The center-hall colonial was listed Thursday by Ginnel Real Estate. It hasn’t changed hands since 2000, when Susan Crater, Sister Parish’s granddaughter and the president of Sister Parish Design, and her husband, Doug Crater, who is in the commercial real estate business, bought it for $535,000.

Around the same time, Ms. Crater revived her grandmother’s brand, christening it Sister Parish Design, and set up its offices in the house until they were moved to a larger space on Bedford Hills’s main street.

The couple renovated the home when they moved in and then created what Ms. Crater called an “inter-generational house” that includes space for her mother, Apple Parish Bartlett, after their two children were grown.

The home is furnished with pieces designed by Sister Parish and fabrics and wallpapers from Sister Parish Design.Jane Beiles

Ms. Parish Bartlett, a collage artist, spends the winters there then returns to her own home in Maine, which is on the adjoining property of the family’s summer house.

The 3,083-square-foot Bedford home, which was built in 1964, sits on 5.2 acres next to Coker Farm, a working horse farm and a village landmark. Features include a living room with a fireplace, a sunroom, a formal dining room, an office and a family room with a fireplace. There are four bedrooms and three and a half bathrooms. 

“The light in the house is magnificent,” Ms.

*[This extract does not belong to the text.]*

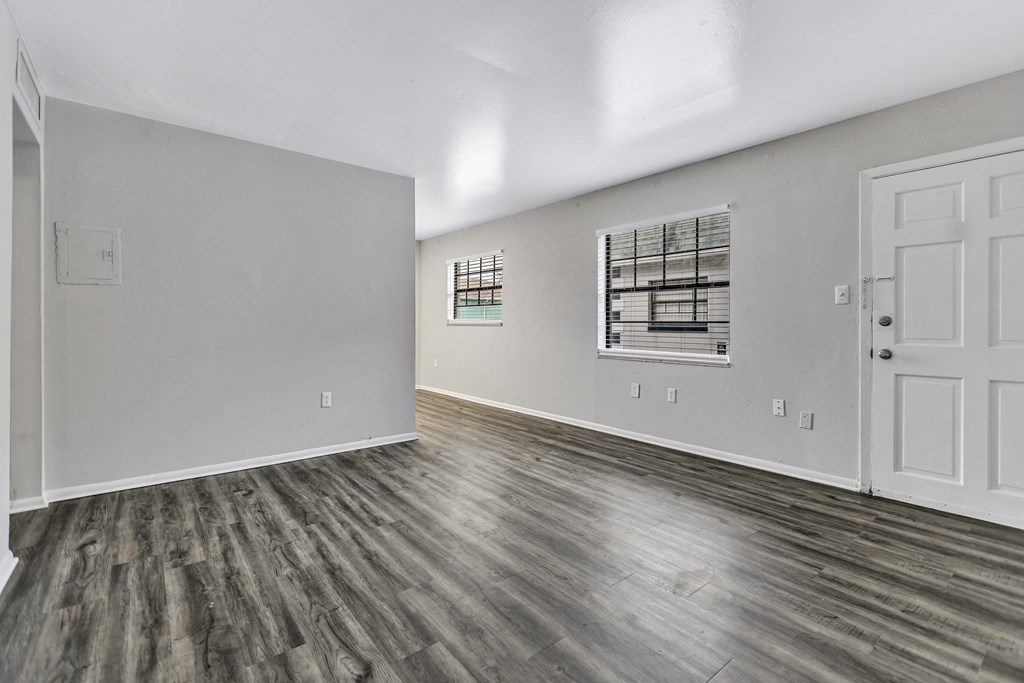 the living room of a new home with white walls and wood flooring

Parish Bartlett said, adding that she holds decoupage classes around the table in the home’s dining room.

Fittingly, the interiors are decorated with Sister Parish Design fabrics and wallpapers and furnished with pieces that were designed by Parish, who is credited with creating the original American country style.

“It looks like a house from the 1920s, which is one of our favorite periods,” said Ms. Crater, who is 62. “We believe in sustainable luxury; we have a lot of antiques that were from my grandmother.”

Jaclene Ginnel, president of Ginnel Real Estate, said that the home’s flexible layout “offers a lot of different options for whoever buys it. There are many living spaces, and there are places to get away from it all.”

Parish, who died in 1994 at age 84, opened her decorating business during the depths of the Great Depression in 1933.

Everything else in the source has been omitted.